UNC-Chapel Hill Students Want School To Rename Building Honoring KKK Leader

Nation's Oldest Public University Still Has A Building Named After A KKK Leader

Students at the University of North Carolina-Chapel Hill want the school's trustees to rename Saunders Hall, a building on campus currently titled in honor of a former Ku Klux Klan leader.

UNC-Chapel Hill, considered the nation's oldest public university, named the building for William L. Saunders in 1922, and is one among several named buildings that students say are association with controversial figures.

Saunders was a UNC alum and a colonel in the Confederate Army during the Civil War.

But as the university readily admits on its website, Saunders "became known as the chief organizer of the Ku Klux Klan in North Carolina and Chapel Hill," and led a "terror campaign" intended to upend Reconstruction in the 1860's, according to the Daily Tar Heel.

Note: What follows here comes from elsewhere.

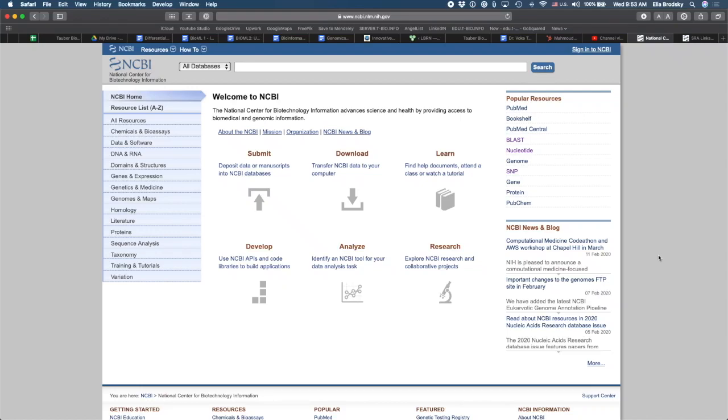This video is going to show how to find data on NCBI, specifically on the Sequence Read Archive, on SRA, and to use that data on the tBio.info platform where you can analyze data without having to download it to your computer, without having to upload it back to the platform.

A few years later, in 1874, Saunders became a UNC trustee.

Some students think there should at least be a plaque on buildings like Saunders, Aycock Residence and Hamilton halls, and the Silent Sam memorial that acknowledges the sordid portions of the lives some of the people the infrastructures are named for.

"I want people to know about how their English building was funded by a person who terrorized black people because he just didn’t like them," Mariah Monsanto, a UNC senior, told the Daily Tar Heel.

Students are gathering signatures on a petition to change the name of the building and will present it to the Board of Trustees at their meeting in May. They held a rally on campus last week as well, also demanding a plaque be placed on the building to "remind us of UNC's white supremacist history."

In a statement from Dr. Lowry Caudill, chair of the University’s Board of Trustees, provided to The Huffington Post, the school said it remains open to discussing changes with the students.

"We encourage them to share their research and thoughts with us," Caudill said. "I know Vice-Chair Alston Gardner has had conversations with students on this topic and we look forward to hearing from them. It's important to note that the University has a policy on renaming campus facilities, which would be our guideline in any such conversation."

If the benefactor's or honoree's reputation changes substantially so that the continued use of that name may compromise the public trust, dishonor the University's standards, or otherwise be contrary to the best interests of the University, the naming may be revoked. However, caution must be taken when, with the passage of time, the standards and achievements deemed to justify a naming action may change and observers of a later age may deem those who conferred a naming honor at an earlier age to have erred. Namings should not be altered simply because later observers would have made different judgments.

Students don't appear to think there's room for much caution in this case, declaring in a Facebook post for their rally the honor for Saunders is an "ongoing presence of white supremacy embedded in our campus geography."

Clarification: Language has been added to clarify the context in which Monsanto's quote was originally offered, and to reflect that she was not specifically referencing Saunders Hall."